▶ _Source records_:
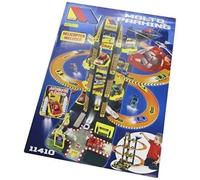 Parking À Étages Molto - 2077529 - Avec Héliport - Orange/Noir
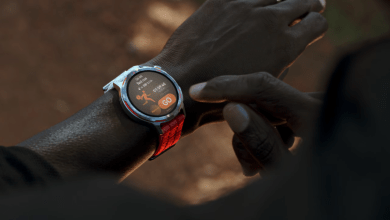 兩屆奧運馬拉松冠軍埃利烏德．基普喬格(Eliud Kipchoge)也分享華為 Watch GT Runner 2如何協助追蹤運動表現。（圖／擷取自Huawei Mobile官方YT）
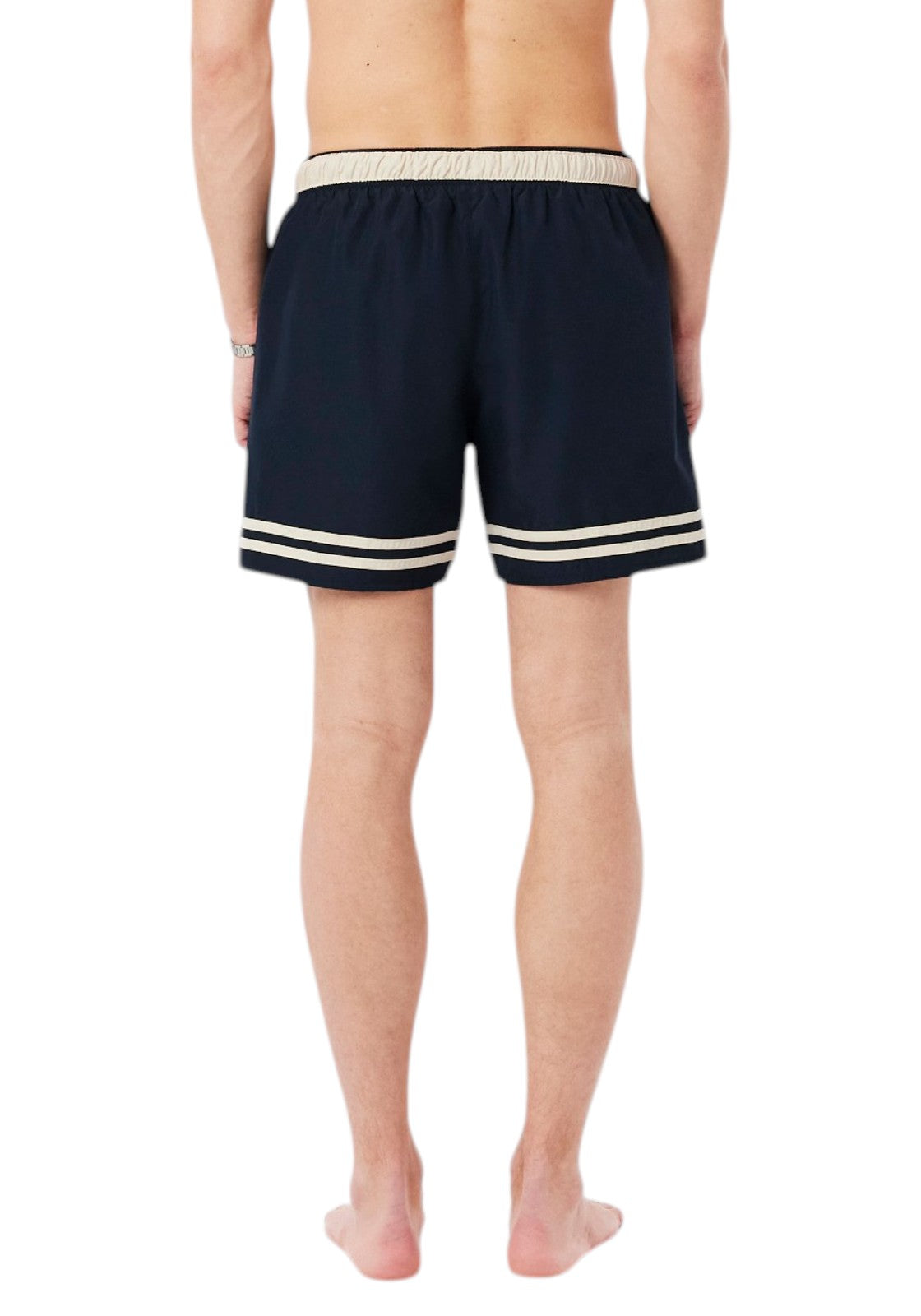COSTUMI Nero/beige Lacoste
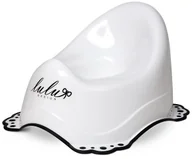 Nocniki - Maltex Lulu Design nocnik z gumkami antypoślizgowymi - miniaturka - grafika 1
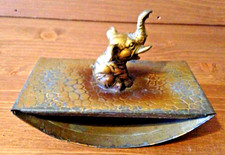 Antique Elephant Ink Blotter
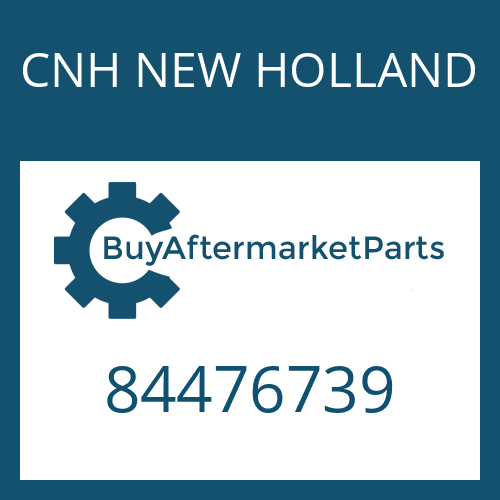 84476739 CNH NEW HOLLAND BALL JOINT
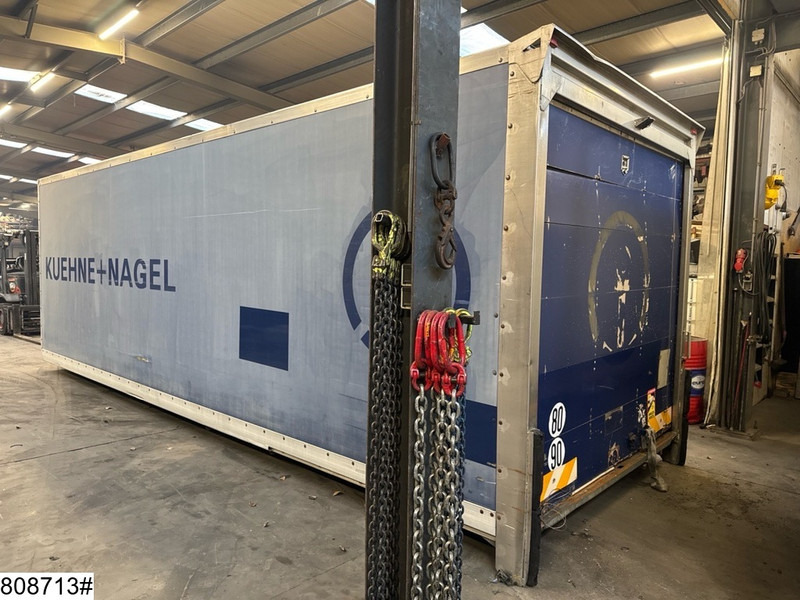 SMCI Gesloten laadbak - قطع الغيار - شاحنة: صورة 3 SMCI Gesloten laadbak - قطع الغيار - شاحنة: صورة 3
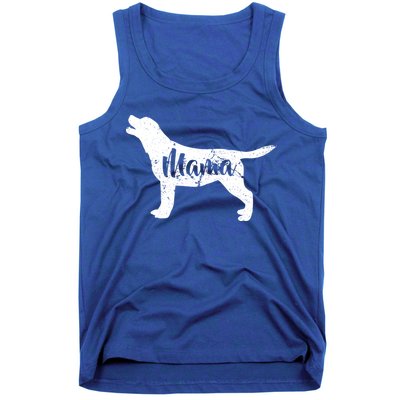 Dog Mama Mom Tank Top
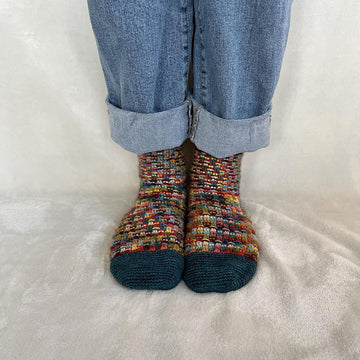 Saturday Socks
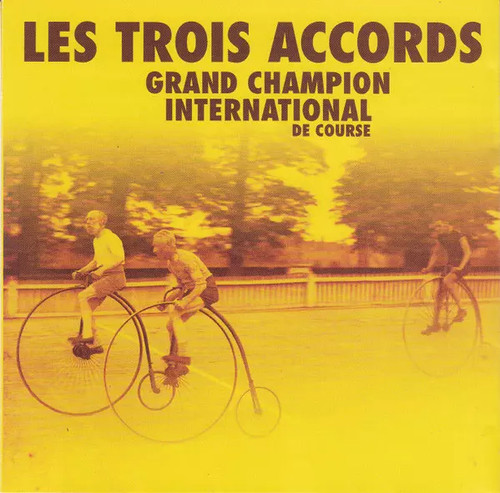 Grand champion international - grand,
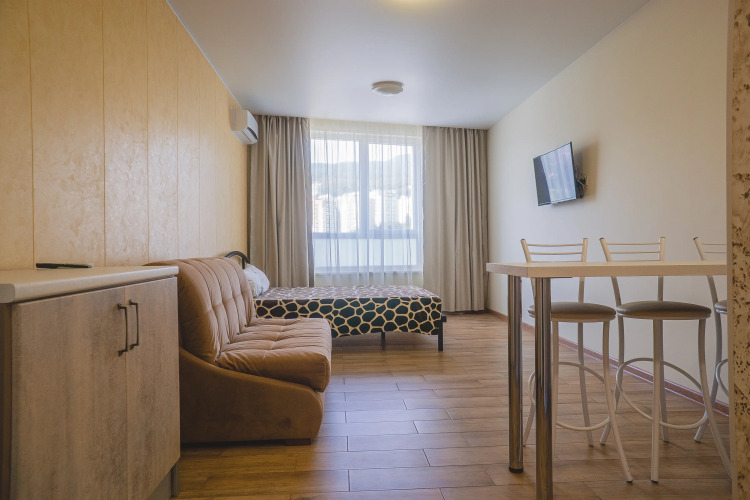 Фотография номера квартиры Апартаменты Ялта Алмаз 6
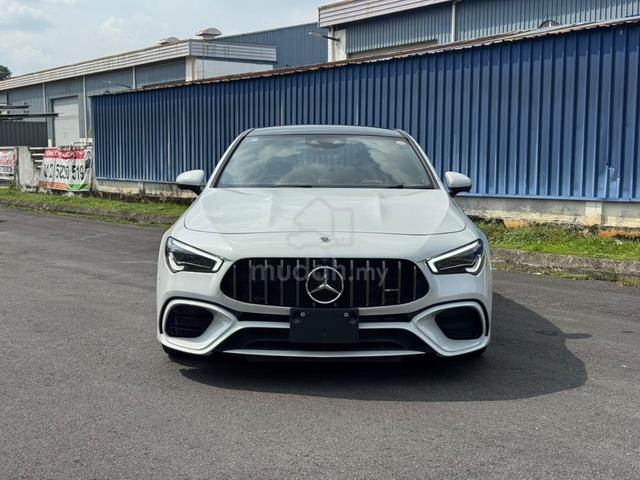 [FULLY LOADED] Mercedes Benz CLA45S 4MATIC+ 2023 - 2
* * *
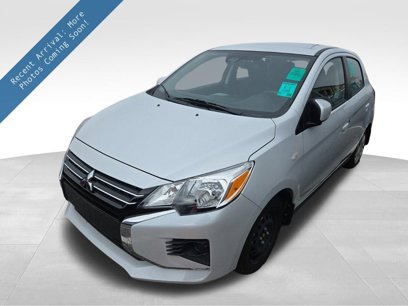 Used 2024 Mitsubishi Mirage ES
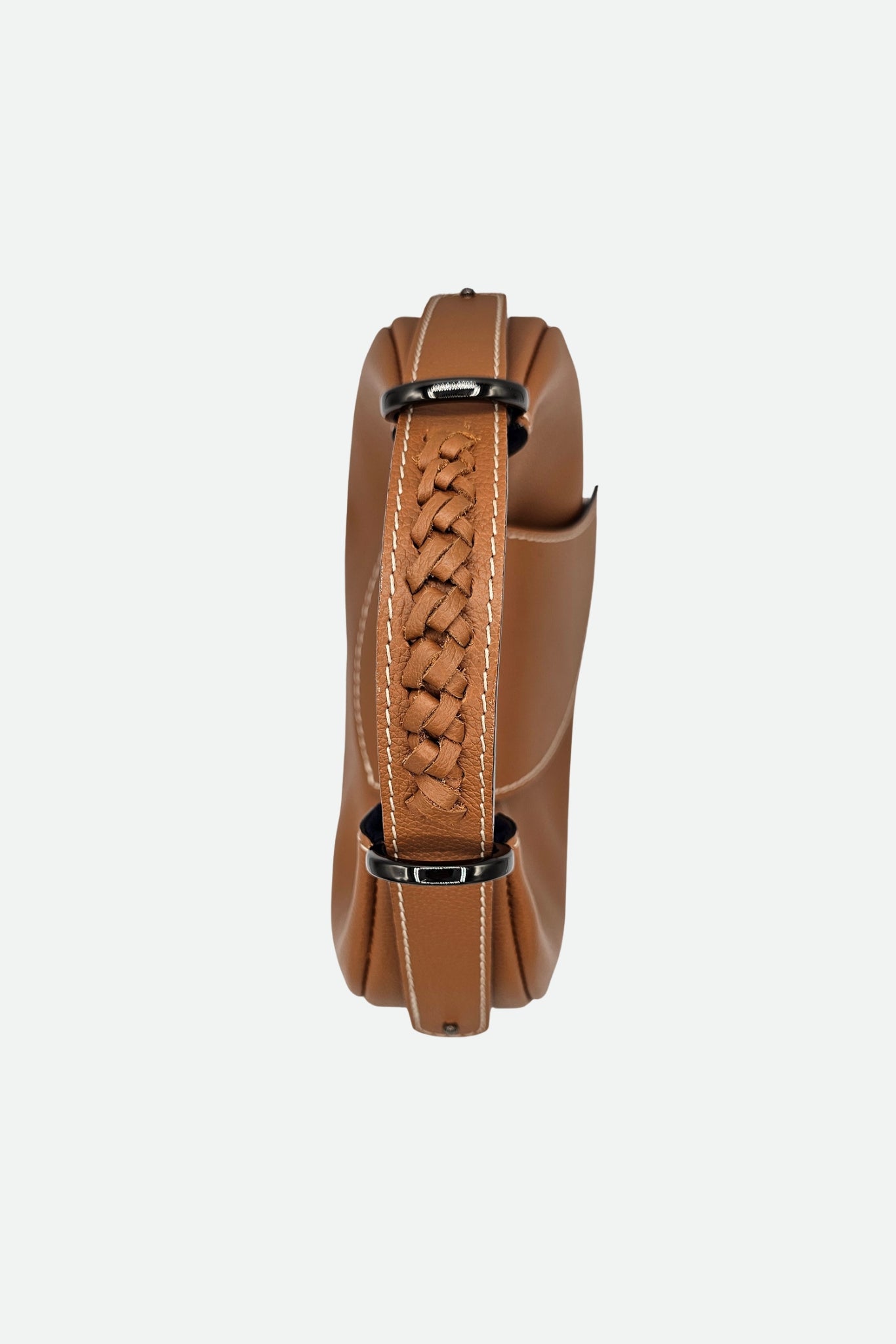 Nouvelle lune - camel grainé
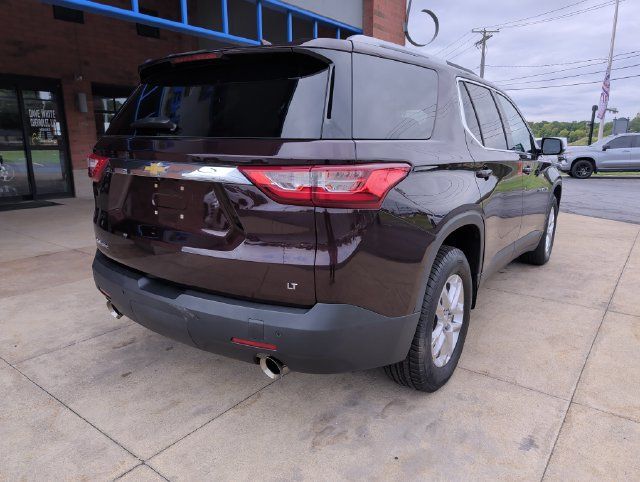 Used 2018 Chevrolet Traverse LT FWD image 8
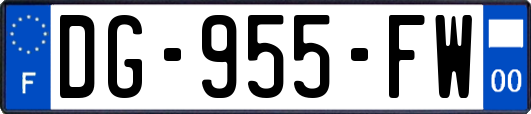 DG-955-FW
==
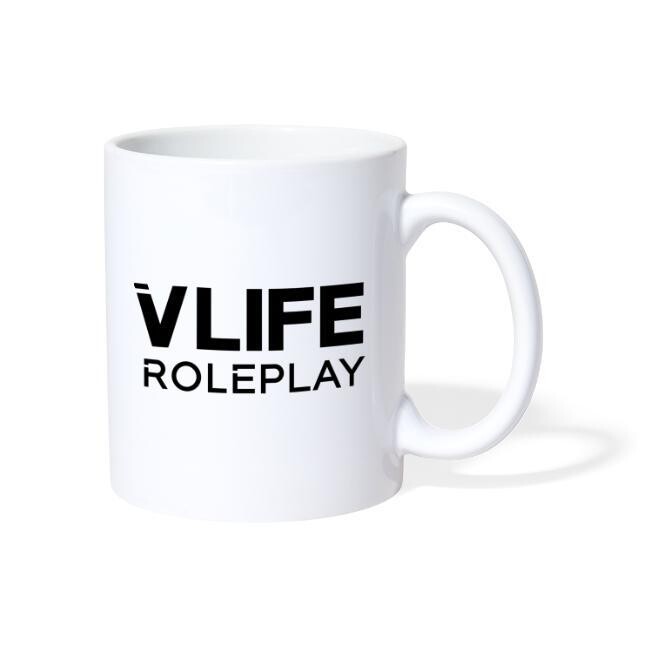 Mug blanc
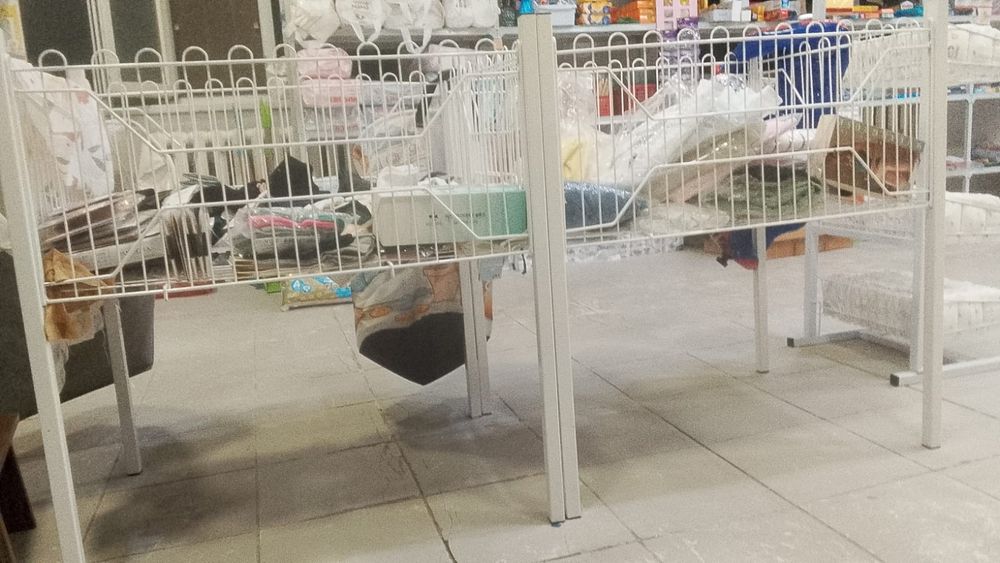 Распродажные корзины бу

▶ _Instructions for the task_: Look above for the line with "Parking À Étages" and the line with "[FULLY LOADED] Mercedes". Copy them and every line between, exactly, but no pictures.

▶ _Written reply_:
 Parking À Étages Molto - 2077529 - Avec Héliport - Orange/Noir
 兩屆奧運馬拉松冠軍埃利烏德．基普喬格(Eliud Kipchoge)也分享華為 Watch GT Runner 2如何協助追蹤運動表現。（圖／擷取自Huawei Mobile官方YT）
COSTUMI Nero/beige Lacoste
 Nocniki - Maltex Lulu Design nocnik z gumkami antypoślizgowymi - miniaturka - grafika 1
 Antique Elephant Ink Blotter
 84476739 CNH NEW HOLLAND BALL JOINT
 SMCI Gesloten laadbak - قطع الغيار - شاحنة: صورة 3 SMCI Gesloten laadbak - قطع الغيار - شاحنة: صورة 3
 Dog Mama Mom Tank Top
 Saturday Socks
 Grand champion international - grand,
 Фотография номера квартиры Апартаменты Ялта Алмаз 6
 [FULLY LOADED] Mercedes Benz CLA45S 4MATIC+ 2023 - 2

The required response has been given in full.